Like almost everything else about email marketing, some folks have *strong opinions* about the format, length, and location of your unsubscribe links.

My advice is always the same, and always simple. Don’t make it difficult to unsubscribe. This applies to both helping people find the unsubscribe link in an email, and also the workflow of the unsubscribe page.

There are plenty of good reasons to make unsubscribing easy, and literally zero good reasons to make it hard.

If someone decides they no longer want to receive your emails, they have two options. They can find and click on the unsubscribe link, or they can press the spam button. If it’s difficult to figure out where the unsubscribe link is, hitting the spam button becomes the easier option.

Make the unsubscribe block in your email as simple as possible. Tell them what email address the message was sent to (in case they meant to sign up with a personal email instead of work email, or some such). Tell them who you are — briefly — if you’d like. Then give them an unsubscribe link that is clear and styled to look like a link.

Here’s an example:


This email was sent to [email protected].
People Who Hold the Door for You for America is a non-profit dedicated to a more polite society. Click here to unsubscribe.


That’s it. That’s all you need. If someone’s looking at your unsubscribe text, it’s very unlikely they are actually looking for a contribute link (especially because you have a donate button right above it). They probably also aren’t excited to have to scroll down 400 pixels of white space, read about the history of your organization, and then try to figure out which non-bolded, non-colored, non-underlined word is the unsubscribe link.

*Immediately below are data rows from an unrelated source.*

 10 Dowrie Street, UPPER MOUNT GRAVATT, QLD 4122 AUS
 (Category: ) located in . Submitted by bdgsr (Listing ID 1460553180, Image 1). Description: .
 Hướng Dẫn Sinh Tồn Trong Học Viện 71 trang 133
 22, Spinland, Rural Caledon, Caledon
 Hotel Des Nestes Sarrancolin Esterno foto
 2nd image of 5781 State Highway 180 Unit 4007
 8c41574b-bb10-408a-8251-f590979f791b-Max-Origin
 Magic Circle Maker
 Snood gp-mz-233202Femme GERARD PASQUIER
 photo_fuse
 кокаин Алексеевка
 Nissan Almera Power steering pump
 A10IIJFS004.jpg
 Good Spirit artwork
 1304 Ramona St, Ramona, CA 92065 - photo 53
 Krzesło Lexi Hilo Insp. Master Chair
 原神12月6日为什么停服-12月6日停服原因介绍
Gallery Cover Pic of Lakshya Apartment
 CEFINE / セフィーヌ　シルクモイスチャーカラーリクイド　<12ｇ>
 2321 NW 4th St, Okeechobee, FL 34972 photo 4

“But Dave, we tested this,” you say, “and placing an unhighlighted unsubscribe link within the full text of the Declaration of Independence did not have a statistically significant impact on deliverability!”

Ah, ha. This falls into the trap of just because you can test something doesn’t mean you should! Look, like everyone else, I understand you want to keep your unsubscribe rates low. But that starts and ends with good content, transparency about how and why people are receiving your emails, and clear calls to action.

People are receiving more and more email, and in the advocacy and campaign space, the pace and volume have been increasing at an alarming rate. We need to remember to respect people’s inboxes. For many of the people on your list — email is the only way they interact with you, and how you communicate with them shapes their entire perception of you, and possibly of other organizations that are similar.

So instead of pushing the envelope in making the unsubscribe process as painful as possible, focus on making people feel like people. Treat them like you would someone you’d expect to meet face-to-face one day. You wouldn’t say to someone at a party, “You have to keep hearing me yell things at you unless you find your way out of this dark maze.”